As part of my company's policy, we regularly perform DR-related activities, which includes switchover tests of databases configured to use Data Guard (physical standby). During one of the tests in a lower environment the switchover command (run in "dgmgrl") hung. Normally this process takes a few minutes but after waiting longer than usual, we checked the database for wait events and saw that the switchover was waiting on "EMON Termination". We also checked the primary's alert log and saw the following:
Started @ 11:11:40 2018-10-22 11:11:56.745000 -04:00 minact-scn: Master considers inst:4 dead kponpst: ORA-1033, during ksrpublish0 kponpst: ORA-1033, during ksrpublish0 kponpst: ORA-1033, during ksrpublish0 2018-10-22 11:11:58.862000 -04:00 Archived Log entry 438383 added for thread 1 sequence 31328 ID 0xe8c2ea16 dest 1: ARC4: Archive log rejected (thread 2 sequence 31330) at host '****' FAL[server, ARC4]: FAL archive failed, see trace file. ARCH: FAL archive failed. Archiver continuing ORACLE Instance **** - Archival Error.

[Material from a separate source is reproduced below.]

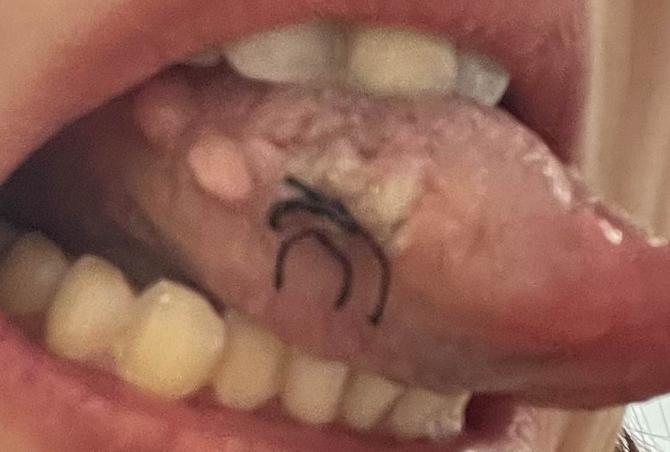舌头上长疙瘩是什么原因_孩子舌头起泡了疼怎么办才好_舌头上的疙瘩怎么办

Archiver continuing. 2018-10-22 11:12:48.377000 -04:00 kponpst: ORA-1033, during ksrpublish0 2018-10-22 11:12:55.734000 -04:00 kponpst: ORA-1033, during ksrpublish0 In ARC[4] tracefile: *** 2018-10-22 11:11:58.429 4645 krsu.c Logged on to standby successfully Client logon and security negotiation successful! Error 16401 creating standby archive log file at host '****' kcrrwkx: unknown error:16401
MOS document "Database Shutdown Hangs on "EMON termination" / " Waiting for Job queue slaves to complete" (Doc ID 1915888.1)" describes this event as caused by "a few orphan subscribers for the ALERT QUEUE which caused emon to spin during shutdown.". This implies that one or more EMON background process could be hung. Checking the view V$EMON I found:
SID LAST_UPDATE_TIME
------- -----------------------------
336 04-OCT-18 23.42.02.881 -04:00
396 22-OCT-18 11.11.51.986 -04:00
427 22-OCT-18 11.11.51.986 -04:00
456 22-OCT-18 11.11.51.986 -04:00
7 22-OCT-18 11.11.51.986 -04:00
From the above it looks as though EMON SID 336 (highlighted) doesn't belong or at least is having issues. I killed this database session, but unfortunately it couldn't be killed (marked for killed). Fortunately, experience has told me to always grab the SPID associated with an Oracle session, just in case it can't be killed. After killing the OS process the switchover picked up immediately and completed without issue.